Throughout February and March, CJP filed multiple state-wide complaints against BJP MLA and Minister Nitesh Rane for inflammatory speeches delivered in Pune, Sindhudurg, and Ratnagiri. CJP contended that as an elected representative in a position of significant influence, Rane bore a heightened legal and ethical responsibility to maintain communal harmony. Invoking the Supreme Court’s landmark Amish Devgan judgment, which distinguishes between free speech and harmful incitement, the organisation filed a series of formal complaints to demand that law enforcement act decisively against rhetoric that threatened the state’s social fabric.

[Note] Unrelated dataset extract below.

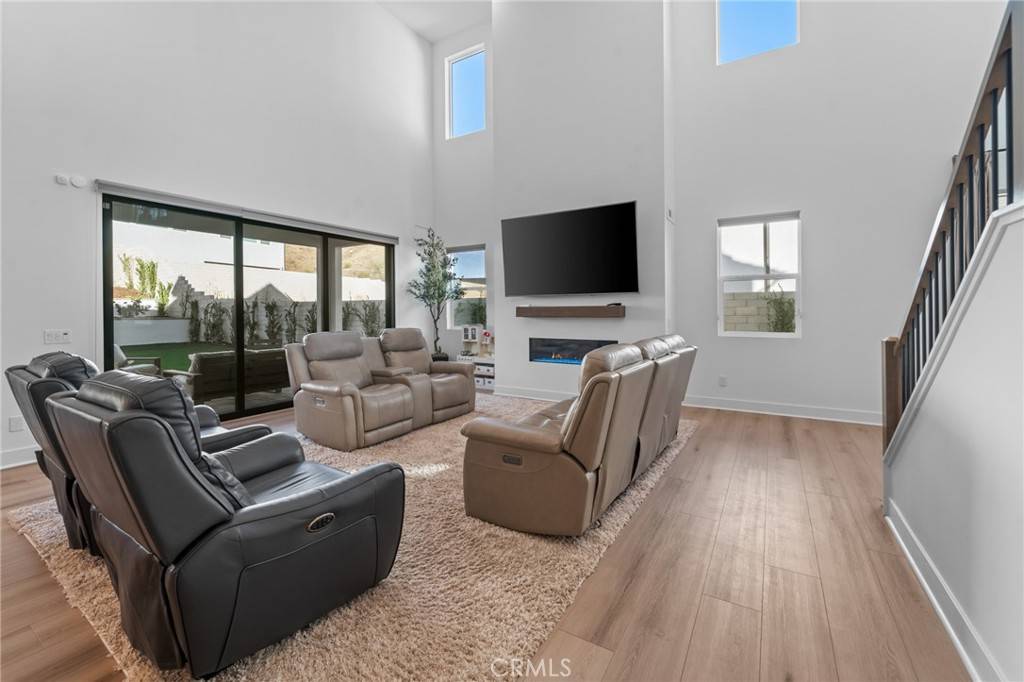 Valencia, CA 91381,27363 Dialogue WAY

  1.  Nanijdham, Ratnagiri – On March 28, 2025, CJP approached the Superintendent of Police and the District Magistrate of Ratnagiri regarding a speech delivered by Rane during a public felicitation. The complaint documented how Rane propagated baseless conspiracy theories like “love jihad” and “land jihad,” utilising Islamophobic slurs and specifically targeting religious sites such as Mazars and Dargahs. CJP argued that this inflammatory language was a direct attempt to stir fear and mistrust toward the Muslim community, citing the Amish Devgan standard that such speech serves no legitimate purpose other than to sow division and provoke social discord.
  2.  Wagholi, Pune – On March 18, 2025, CJP approached the Additional Director General (Law & Order) and the Pune Police regarding a contentious speech delivered at a temple in Wagholi. In this instance, Rane openly advocated for housing discrimination, urging Hindus to rent properties exclusively to fellow Hindus and warning that renting to even one “Aslam” would lead to a demographic takeover. CJP asserted that this rhetoric incited segregation and violated Articles 14 and 15 of the Constitution. Furthermore, Rane’s fabrication of a coordinated plot to turn India into an Islamic nation by 2047 was flagged as a dangerous exploitation of public anxiety designed to dehumanise an entire community.
  3.  Sindhudurg District – On March 7, 2025, CJP filed a joint complaint with the SP and Collector of Sindhudurg addressing speeches delivered in Kundal and Sawantwadi. These events, organised by right-wing outfits, featured Rane warning locals about “Islamisation” and issuing explicit threats. In Sawantwadi, Rane reportedly told the audience to contact him directly to “settle” matters if anyone “kept an evil eye” on his religion, pointedly remarking that he would ensure such individuals would not return to their place of worship on Fridays. CJP highlighted this as a clear incitement to communal violence and a violation of Supreme Court mandates that require police to take suo moto action against hate speech regardless of the speaker’s political standing.
  4.  Nagpur City –  On April 24, 2025, Citizens for Justice and Peace (CJP) filed a formal complaint with the Additional Director General of Police (Law & Order), Maharashtra, and the Nagpur Police Commissioner regarding a divisive speech delivered by right-wing influencer Kajal Hindustani (Kajal Singhala). The speech, delivered during a public “Shivjanmotsav” event in Nagpur on February 19, 2025, targeted the Christian and Muslim communities through inflammatory narratives and baseless conspiracy theories.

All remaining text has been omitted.